My sacrifice, O God, is a broken spirit;
a broken and contrite heart you, God, will not despise.
A few weeks ago a friend posted this image of one of her baking pans that had been dropped on the floor a few days earlier. It was really disappointing because she really liked it and had used it regularly for years.
As she collected the broken pieces, she took a look at them before throwing them out. A thought came to her. She realized that in the past she had never been able to use it in her toaster oven because the muffin pan was too big. She always had to use her large oven, even if she only needed to bake a few muffins.
The lesson was this: Surprisingly, the newly broken pan was going to prove to be more usable than ever before. Now it could fit into multiple places, and it could be used for smaller numbers as well as larger ones. Initially she had thought was that there was no more usefulness when it shattered. Now, my friend noticed that new things were possible- precisely because of the brokenness. She immediately started using it in new ways.
This is a hard lesson to grasp, and one that we must learn to receive time after time throughout our lives. The pain we experience as a result of the brokenness of life will open new doors if we allow it. New doors of empathy, of growth, of compassion, of maturity. There will be spaces in the lives of others that we could not previously fit into until we are broken. But now we can sit in that space, understanding and walking alongside. We may also find that when our own capacity feels more limited, it is in these moments that we become more available to the supernatural strength and power of the Spirit of Christ that Jesus has breathed into us.
Sometimes the more capable I am, the less trust is required, and the less of God I grasp.

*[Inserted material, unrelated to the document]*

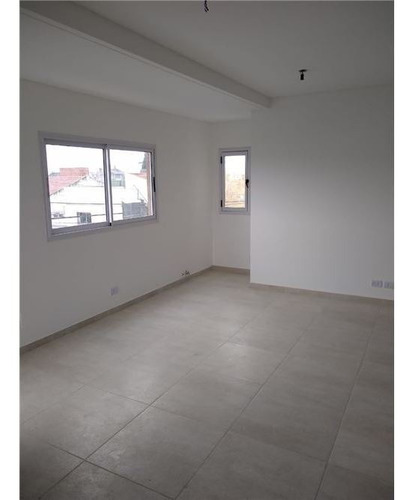 Imagen 3 de 15 de Venta Departamento 2 Amb Con Balcón Y Terraza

But the less capable I am, the more I identify as poor in spirit, and the more available I am to be blessed and used by God.
So let’s follow the arguments that the Apostle Paul responded to in his ministry:
Does that mean that we should seek after brokenness so that we can be closer to God as a result? Should we try to go through pain and heartache and even sin so that we can say, look how much God is growing me afterwards!
Obviously not, friends.
Brokenness is one of the things in life that we don’t need to seek after. It will come. We will get dropped on the floor and fall to pieces. That’s the reality of a broken world and real people with real choices to choose right or wrong.
What we can do, though, is decide if our broken pieces should simply be thrown away. We will decide the level of our worth as we take stock of the shattered pan on the ground.
Will we hear the words of Jesus as we do?
Even the very hairs on your head are numbered.
Then neither do I condemn you.
Come, follow me, and I will send you out to fish for people.
My grace is sufficient for you, for my power is made perfect in weakness...
My friend decided not to throw away her pan. She decided to keep owning it. To keep using it. To even see new value that wasn’t there before. What a beautiful image.
Our pain will either make us more sensitive or more calloused.
Our frustration will make us more compassionate or more harsh.
Our losses will create empathy or bitterness.
Our failures will fill us with grace toward others, or convince us we are no longer useful.
Those possibilities will be determined based on one thing, and one thing alone:
Will we invite Jesus to transform our broken lives?
If we allow God’s grace and love to enter into all the areas in our lives that are not what we wished they were… then we will become people who overflow with love and humility and gentleness. The world will be drawn to us… and drawn to Jesus in the process.
Our brokenness will no longer be a liability. It will indeed be the reason that God can work through us. What kind of a God is this, who chooses the foolish things of the world to shame the wise, and the weak things of the world to shame the strong!? (1 Cor 1:27).
It’s ok to sit back in wonder at all of that today. Amazing grace.
Jesus, take what feels broken in me today and use it for good. I trust you.